Toshio Nishizawa told CNN Monday he hopes to achieve the second phase of the shutdown before a January deadline.
"I cannot promise you, but if things go smoothly with careful control, it is possible to bring the cold shutdown forward," said Nishizawa.
Cold shutdown requires a stable winding down of the operations of the reactors at a temperature under 100 degrees Celsius (212 degrees Fahrenheit).
Cooling systems at Fukushima Daiichi, about 240 kilometers (150 miles) north of Tokyo, were knocked out by the tsunami which followed a massive earthquake March 11.
The disaster triggered the worst nuclear accident since Chernobyl, as the cores of reactors 1-3 overheated and spewed huge amounts of radioactive contamination across the surrounding area.
In April, Tokyo Electric laid out a six- to nine-month timetable for winding down the crisis and bringing the reactors to a complete shutdown. Engineers are working to restore normal cooling in the three reactors that melted down, as well as working to pump out and decontaminate an estimated 100,000 tons of water that has pooled in the basement and service tunnels of the plants during months of emergency measures.
TEPCO's president said the most difficult issue at present is the radioactive water. "We just had a typhoon. With the torrential rain, more of polluted water is being produced. We must not leak highly radioactive water outside of our facility."
More than 75,000 residents of the area around the crippled nuclear plant are unable to return to their homes because of high radiation levels. Nishizawa said TEPCO's top priorities are to restore the nuclear plant and to compensate the victims.
The company has set aside more than $5 billion to cover victims' compensation costs, including lost income and mental distress. Japan's government has said it will provide further funds, creating a state-backed entity to meet the large quantity of anticipated claims.

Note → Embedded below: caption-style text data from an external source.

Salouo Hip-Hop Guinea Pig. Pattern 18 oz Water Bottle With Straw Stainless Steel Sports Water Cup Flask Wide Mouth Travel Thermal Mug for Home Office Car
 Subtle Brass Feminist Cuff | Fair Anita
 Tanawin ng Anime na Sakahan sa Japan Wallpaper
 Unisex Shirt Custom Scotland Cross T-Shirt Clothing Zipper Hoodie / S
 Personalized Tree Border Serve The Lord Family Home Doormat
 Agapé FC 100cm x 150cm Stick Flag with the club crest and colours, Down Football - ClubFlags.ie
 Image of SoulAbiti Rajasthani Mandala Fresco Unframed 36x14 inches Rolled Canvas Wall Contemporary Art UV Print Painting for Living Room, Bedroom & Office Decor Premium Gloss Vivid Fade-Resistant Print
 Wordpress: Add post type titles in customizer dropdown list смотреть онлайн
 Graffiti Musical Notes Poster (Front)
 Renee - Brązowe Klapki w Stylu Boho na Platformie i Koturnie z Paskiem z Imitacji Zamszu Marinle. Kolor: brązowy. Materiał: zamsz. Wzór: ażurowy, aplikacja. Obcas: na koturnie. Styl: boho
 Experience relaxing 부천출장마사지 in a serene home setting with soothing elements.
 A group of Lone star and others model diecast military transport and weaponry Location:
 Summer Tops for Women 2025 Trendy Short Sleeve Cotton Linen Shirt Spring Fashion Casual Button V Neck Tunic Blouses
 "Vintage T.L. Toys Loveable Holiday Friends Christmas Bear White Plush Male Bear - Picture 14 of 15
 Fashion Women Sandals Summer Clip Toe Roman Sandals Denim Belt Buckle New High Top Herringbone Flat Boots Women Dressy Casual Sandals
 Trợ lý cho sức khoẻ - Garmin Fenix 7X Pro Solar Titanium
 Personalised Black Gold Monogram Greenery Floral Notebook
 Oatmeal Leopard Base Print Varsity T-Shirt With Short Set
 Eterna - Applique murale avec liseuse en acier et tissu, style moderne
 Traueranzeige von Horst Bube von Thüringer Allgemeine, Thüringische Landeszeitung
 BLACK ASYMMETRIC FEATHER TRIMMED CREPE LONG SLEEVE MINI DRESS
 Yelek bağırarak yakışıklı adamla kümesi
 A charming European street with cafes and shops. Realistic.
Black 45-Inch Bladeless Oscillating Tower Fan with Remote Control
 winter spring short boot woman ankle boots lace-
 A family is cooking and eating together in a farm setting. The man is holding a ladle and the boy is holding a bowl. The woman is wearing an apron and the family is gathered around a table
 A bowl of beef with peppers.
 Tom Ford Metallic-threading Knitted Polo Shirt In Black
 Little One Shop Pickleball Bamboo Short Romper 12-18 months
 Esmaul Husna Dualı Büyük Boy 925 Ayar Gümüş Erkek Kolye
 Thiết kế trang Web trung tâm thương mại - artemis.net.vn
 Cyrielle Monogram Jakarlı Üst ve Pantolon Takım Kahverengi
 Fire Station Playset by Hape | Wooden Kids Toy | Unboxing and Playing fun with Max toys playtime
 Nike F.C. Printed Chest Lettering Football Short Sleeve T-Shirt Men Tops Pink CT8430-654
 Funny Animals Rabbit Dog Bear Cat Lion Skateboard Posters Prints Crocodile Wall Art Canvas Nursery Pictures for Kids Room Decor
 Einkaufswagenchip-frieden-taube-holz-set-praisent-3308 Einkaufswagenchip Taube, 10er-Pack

TEPCO has struggled to meet energy demand since Fukushima Daiichi was closed following the disaster. The Japanese government has mandated power-saving measures throughout the summer.
Nishizawa said while the company is committed to boosting energy generation from fossil fuels and renewables, the supply will not return to normal without the restart of its nuclear facilities that were not affected by the earthquake.
"I believe restarting the nuclear power plants is necessary to stably supply the energy to our users," he said. "We must effort for the restart. It is the most important thing for that is to show the people that Fukushima's situation is stabilized and the issue has come to the end. This is our responsibility."